[Dataset items]
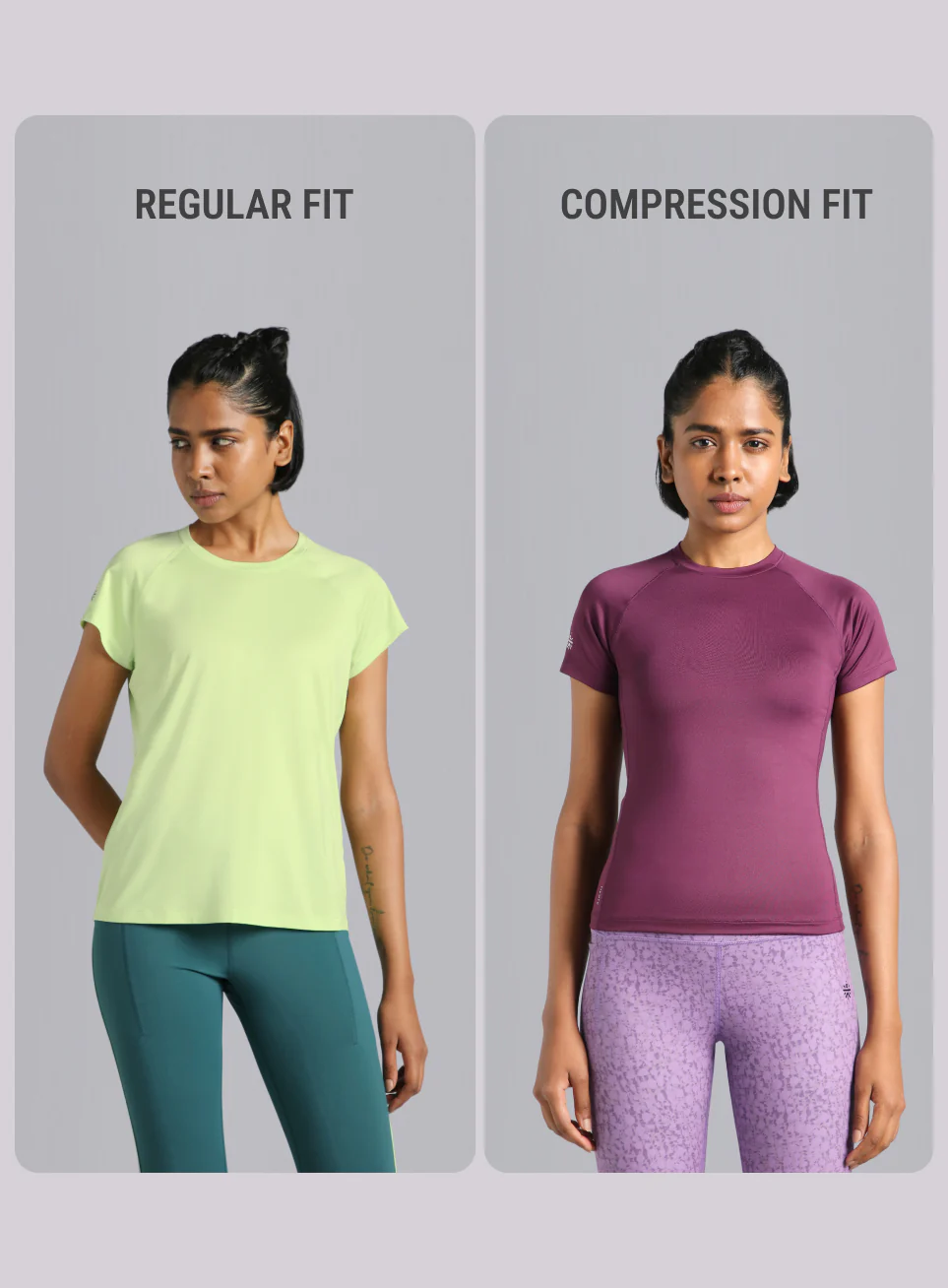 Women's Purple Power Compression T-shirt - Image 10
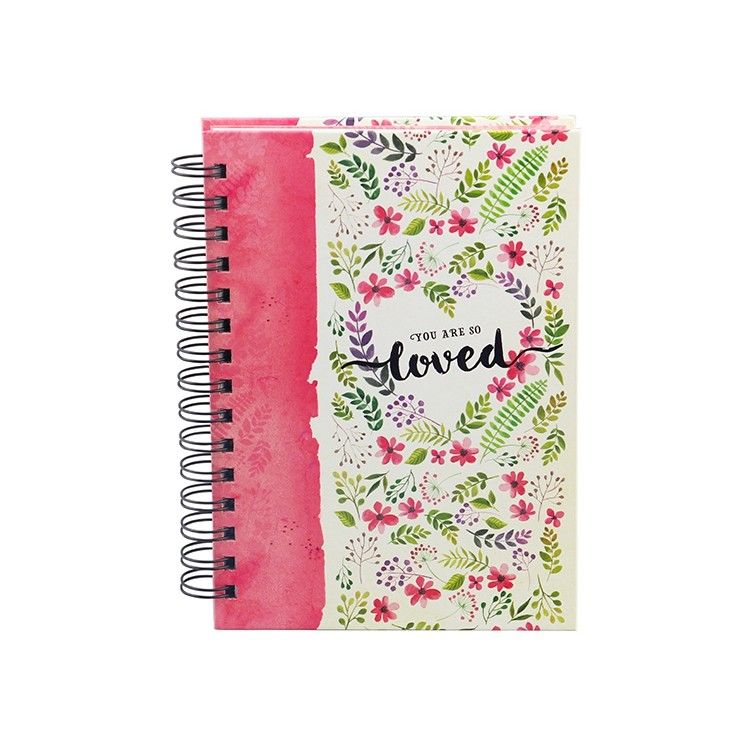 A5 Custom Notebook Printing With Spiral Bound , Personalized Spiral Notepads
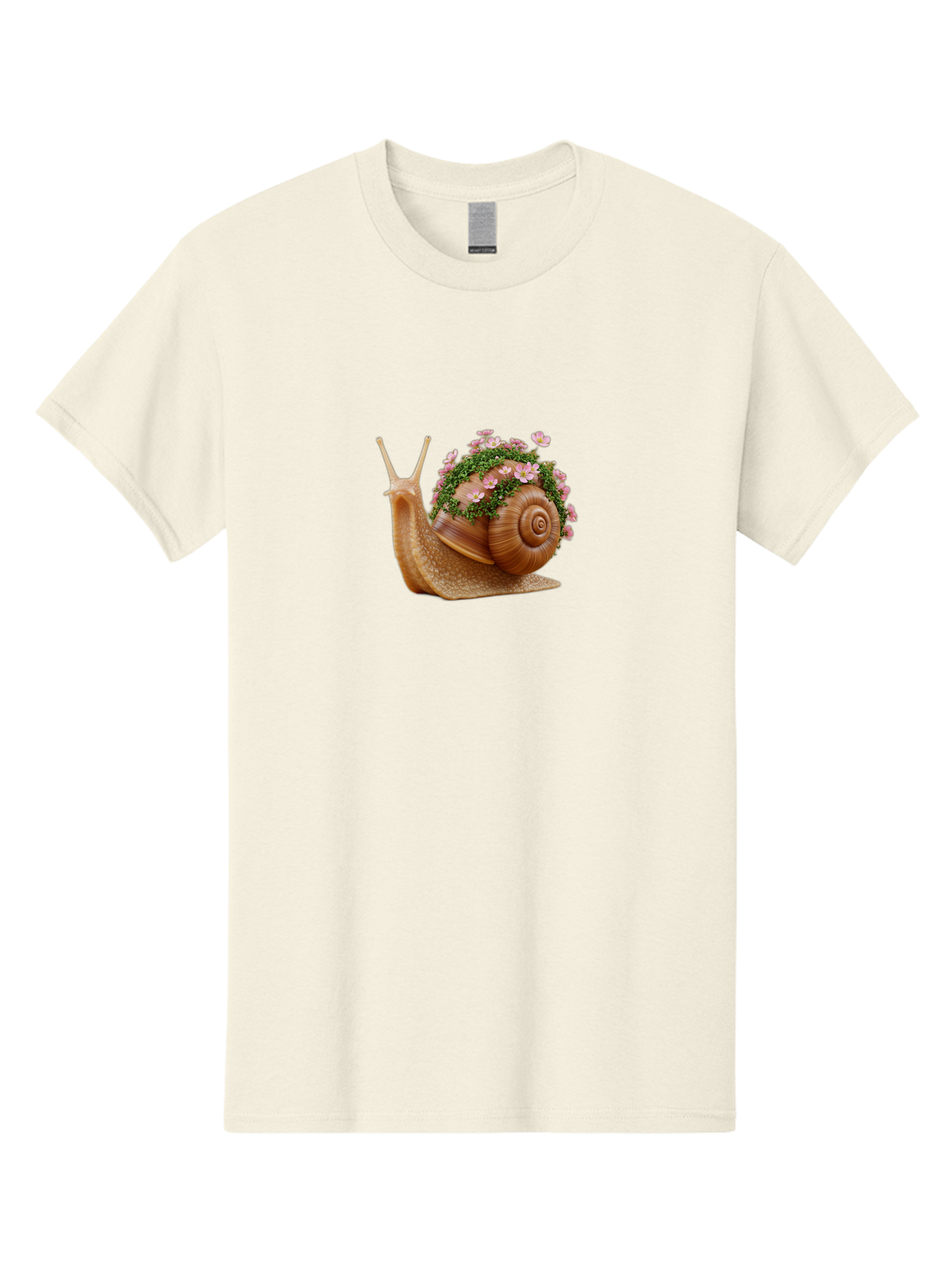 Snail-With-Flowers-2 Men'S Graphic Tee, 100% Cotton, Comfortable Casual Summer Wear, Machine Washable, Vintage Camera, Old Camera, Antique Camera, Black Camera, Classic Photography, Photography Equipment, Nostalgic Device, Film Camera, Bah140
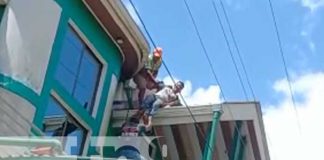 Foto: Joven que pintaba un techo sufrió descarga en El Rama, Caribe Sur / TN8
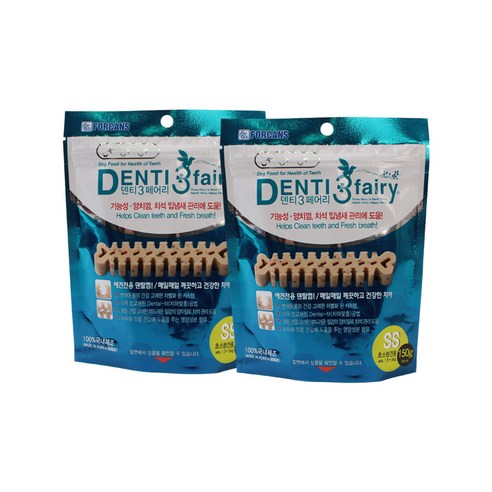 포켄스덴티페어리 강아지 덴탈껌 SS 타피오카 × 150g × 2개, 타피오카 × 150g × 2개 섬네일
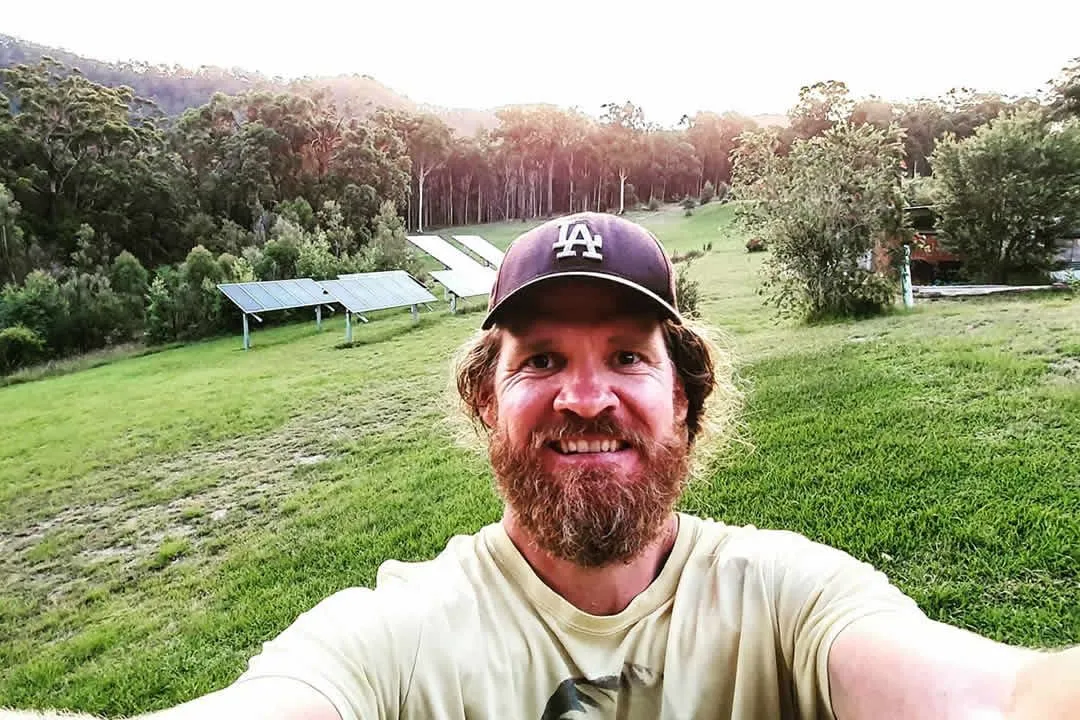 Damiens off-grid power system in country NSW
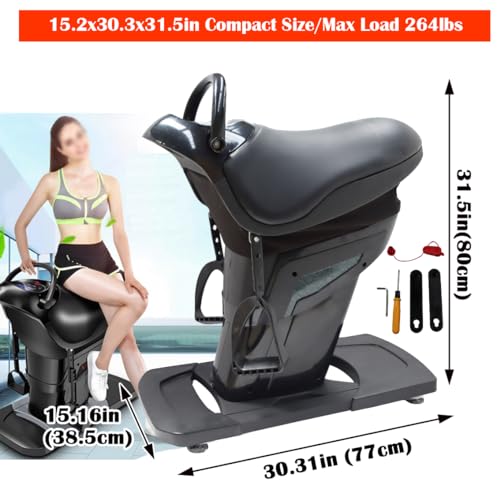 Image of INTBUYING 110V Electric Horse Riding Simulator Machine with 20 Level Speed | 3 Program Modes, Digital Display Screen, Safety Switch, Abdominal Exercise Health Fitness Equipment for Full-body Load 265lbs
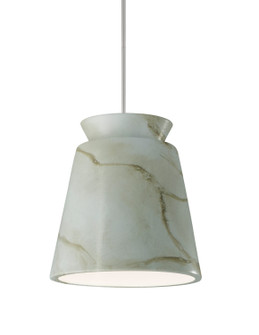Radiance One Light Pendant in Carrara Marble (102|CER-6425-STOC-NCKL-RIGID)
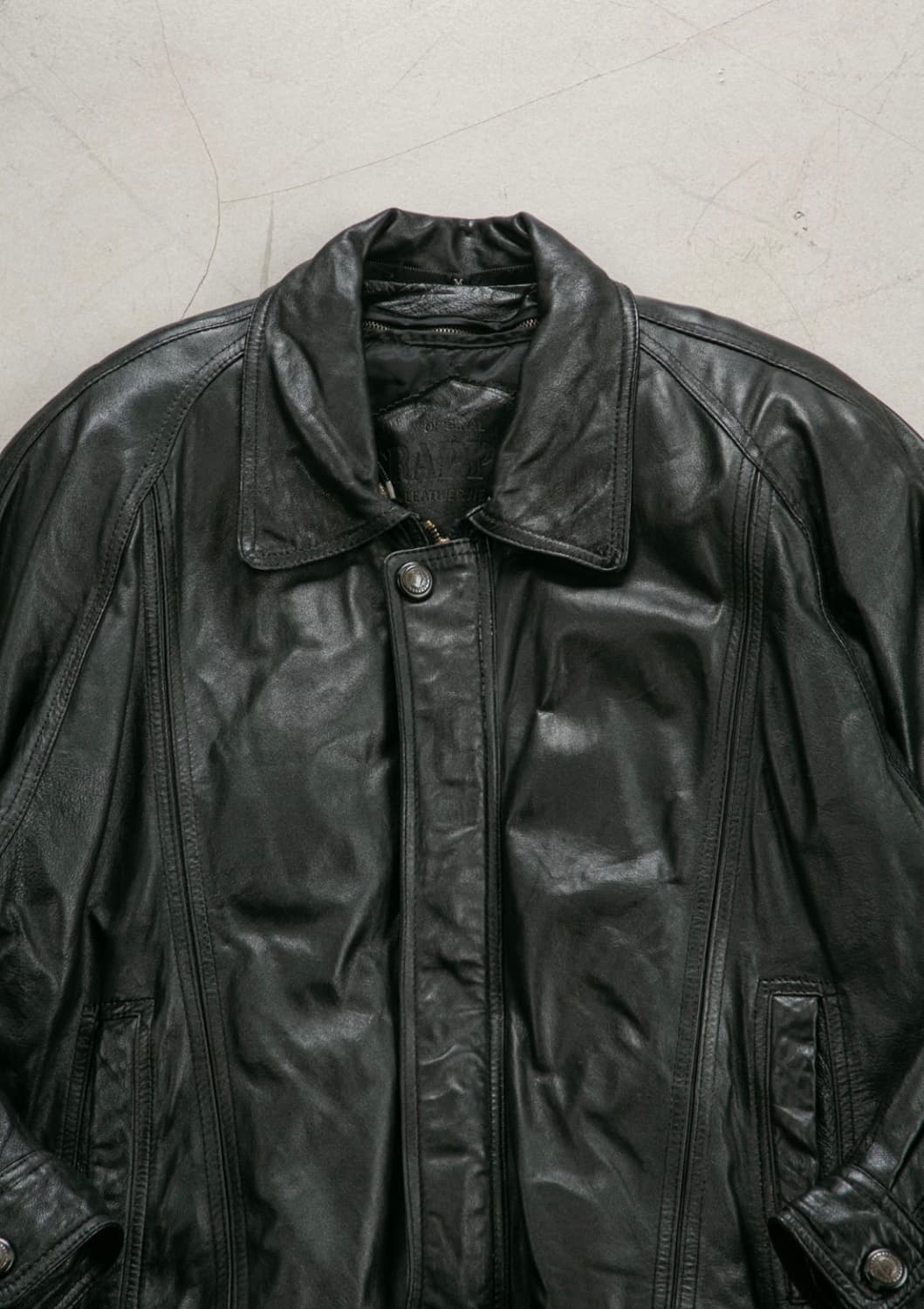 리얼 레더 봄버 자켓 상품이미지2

> [Exercise instructions] Retype only the lines from the one with "Radiance One Light" through the final line of the entries, please, and keep the pictures out.

> [Solution to this problem]
Radiance One Light Pendant in Carrara Marble (102|CER-6425-STOC-NCKL-RIGID)
 리얼 레더 봄버 자켓 상품이미지2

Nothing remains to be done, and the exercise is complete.